Citation: Junyuan Cao, Guangshun Zhang, Minmin Zhou, Yang Liu, Gengfu Xiao, Wei Wang. Characterizing the Lassa Virus Envelope Glycoprotein Membrane Proximal External Region for Its Role in Fusogenicity .VIROLOGICA SINICA, 2021, 36(2) : 273-280.  http://dx.doi.org/10.1007/s12250-020-00286-3

Characterizing the Lassa Virus Envelope Glycoprotein Membrane Proximal External Region for Its Role in Fusogenicity

  • Corresponding author: Gengfu Xiao, xiaogf@wh.iov.cn, ORCID: 0000-0001-9401-235X
    Wei Wang, wangwei@wh.iov.cn, ORCID: 0000-0002-8696-9773
  • Received Date: 30 April 2020
    Accepted Date: 22 July 2020
    Published Date: 08 September 2020
    Available online: 01 April 2021
  • The membrane-proximal external region (MPER) of Lassa virus (LASV) glycoprotein complex (GPC) is critical in modulating its functionality.
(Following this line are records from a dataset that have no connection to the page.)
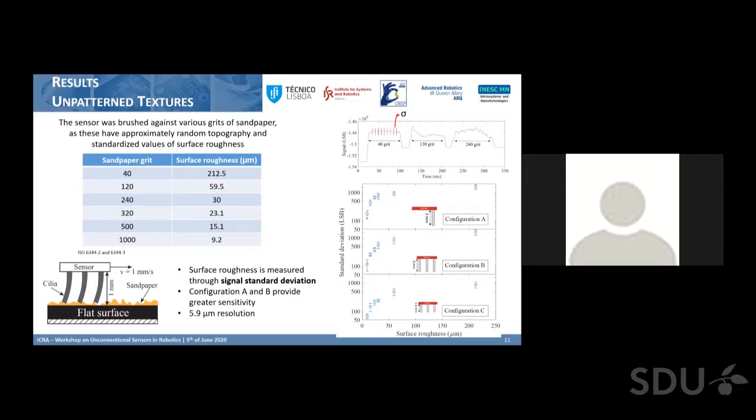We can see there is a positive correlation for every configuration of sensor tested. Configuration B shows the best separation between the signal and surface roughness of each sandpaper type. Configurations C and A — the smaller cilia and the single row — show some overlapping at surface roughness points around 23 and 60 micrometers, although all sensors could differentiate between the smallest surface roughnesses.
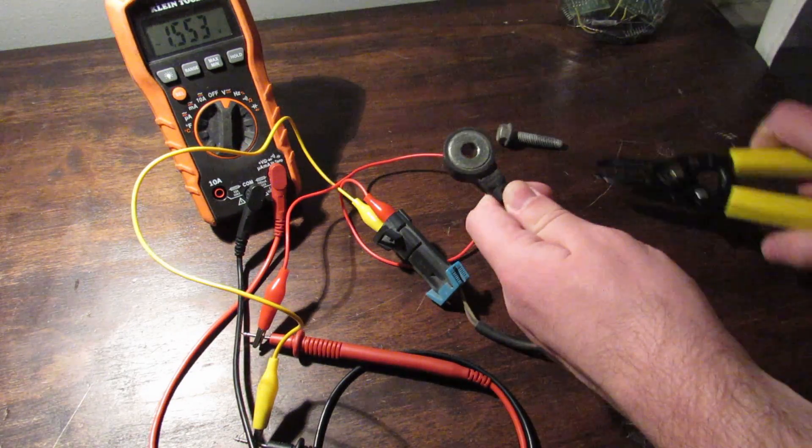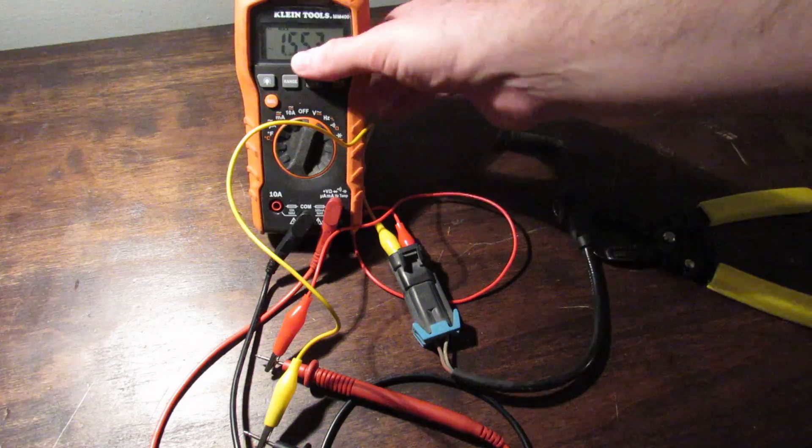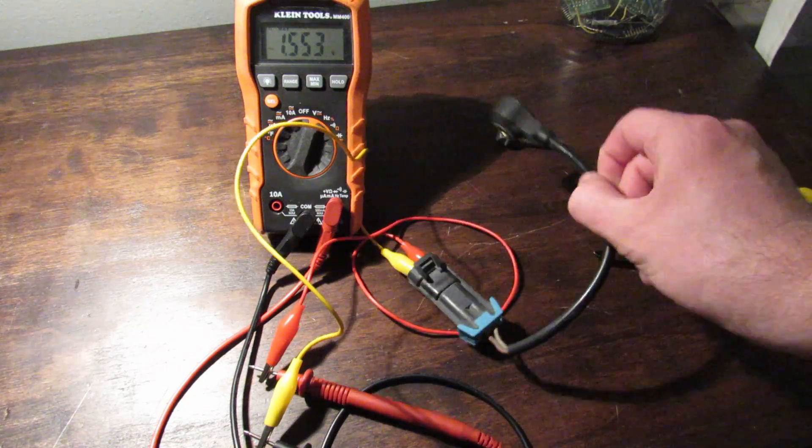You just give it a good tap and you see here 1.5 volts. So this sensor is good then.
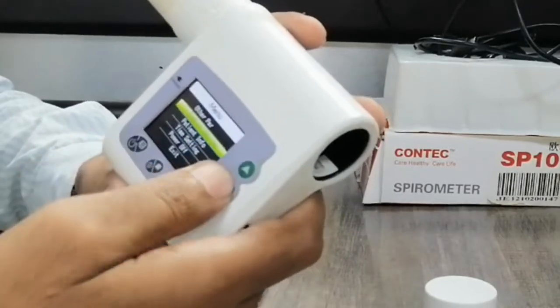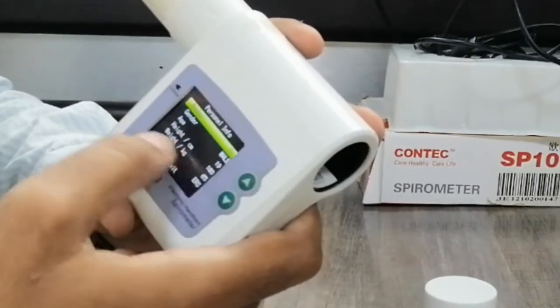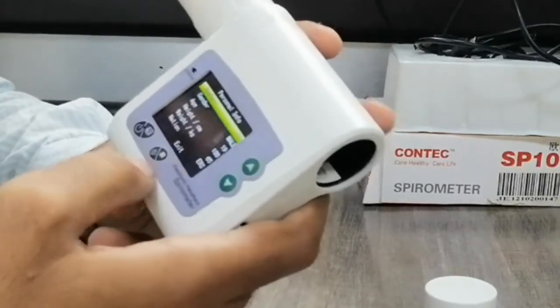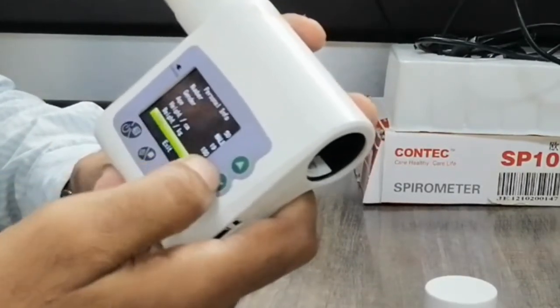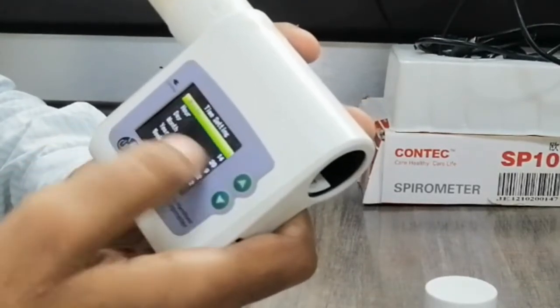Under patient information, you can add the patient number, patient gender, age, and other details so you can get an exact result from this machine. Similarly, under time settings, you can set the time — minutes, hours, year, and week as well.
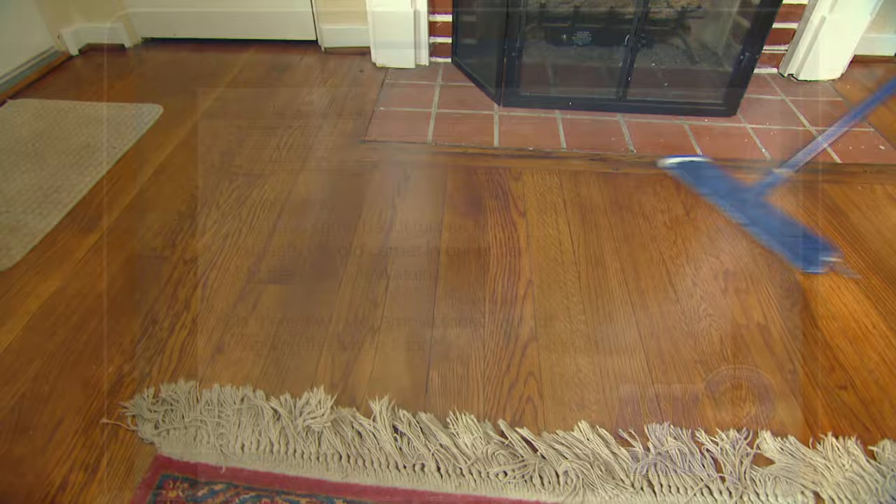Unfortunately, if you have some really deep stains in your hardwood floor, it will have to be sanded and refinished in order to get rid of those stains. Even then, some of the real deep stains are really hard to get rid of.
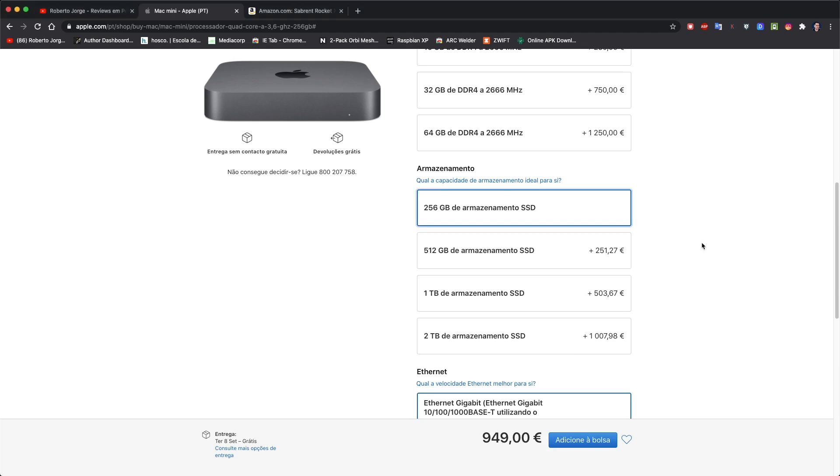There is one critical point: storage is really expensive to get from Apple when configuring, and besides that, once we sell it we will lose a lot. Here in Portugal, if I want to upgrade storage on a Mac Mini, I'll pay an extra 250 euros for 512GB, 500 euros for 1TB, or 1000 euros for 2TB.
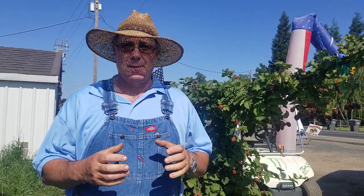Hi, welcome to Rancho Not-So-Grande in Hanford, California. I'm Farmer John — some guys call me the berry guy. Today we're going to show you how to pick the perfect boysenberry.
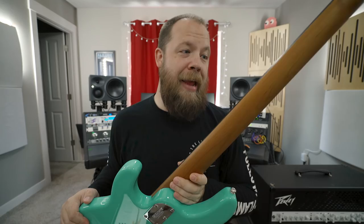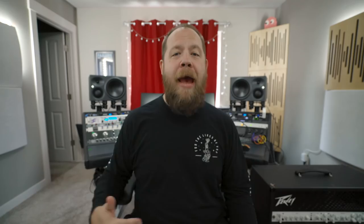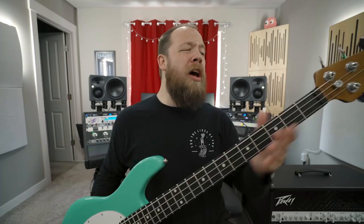Also, the maple necks on all of the Stingray Specials are now roasted, and you guys know how I feel about roasted maple. The 18-volt preamp also sounds amazing, and that is in part due to the new neodymium magnet on the humbucker. The Stingray Special also has 22 stainless steel frets, as opposed to the 21 nickel silver on the other model.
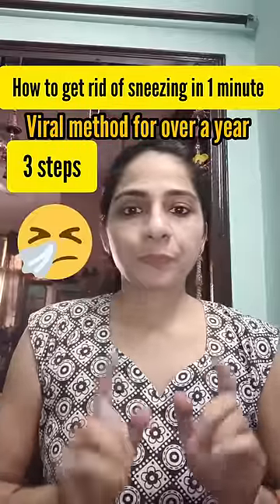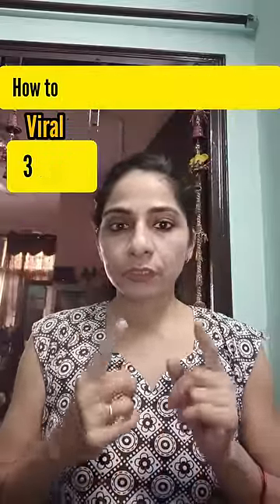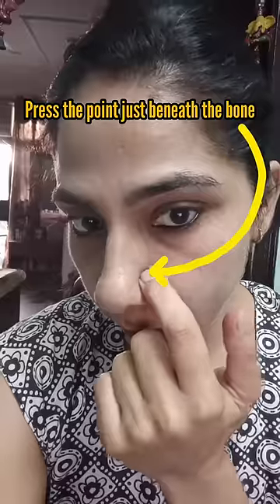Whether you are suffering from seasonal allergies, sneezing, or a blocked nose, here is one of my tried and tested natural remedies. There are three steps in this home remedy for sneezing or a blocked nose.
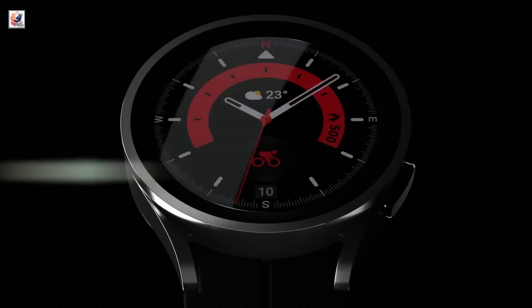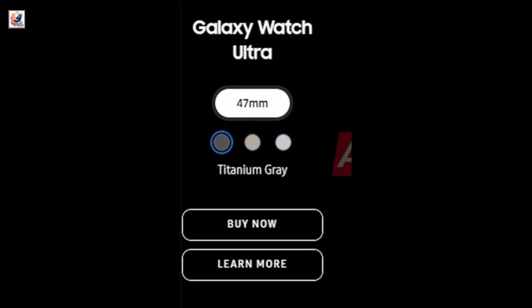The Galaxy Watch Ultra will be available in just one size: 47mm. It will come in titanium gray, titanium silver, and titanium beige.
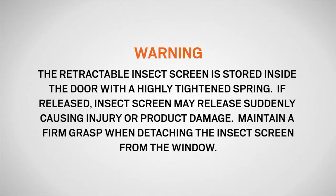The retractable insect screen is stored inside the door with a highly tightened spring and may release suddenly, causing injury or product damage. Maintain a firm grasp when detaching the insect screen from the window.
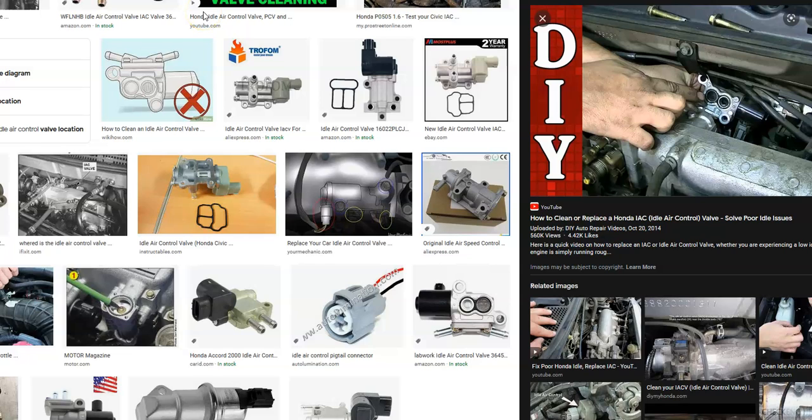That's basically it — just a quick overview of how you go about fixing a Honda with the P0506 code. If you have anything to add, please comment down below. If you have any questions, ask me and I'll try to answer them. If this video helps you, please click like, subscribe, and have a good day.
Till now, the high-resolution structure of the intact GPC, including MPER is not available. In this study, we used alanine substitution to scan all 16 residues located in LASV MPER. Western blotting and quantification fusion assay showed that the residues located at the C terminus of the HR2 (M414 and L415) and N terminus of the MPER (K417 and Y419) are critical for GPC-mediated membrane fusion function. Furthermore, cell surface biotinylation experiments revealed that M414A, K417A and Y419A expressed similar levels as WT, whereas L415A mutant led to a reduction of mature GPC on the cell surface. Moreover, substitution of these residues with the similar residue such as M414L, L415I, K417R and Y419F would partly compensate the loss of the fusion activity caused by the alanine mutant in these sites. Results from this study showed that several key residues in the MPER region are indispensable to promote the conformational changes that drive fusion events and shed light on the structure analysis of LASV GPC and anti-LASV therapeutics.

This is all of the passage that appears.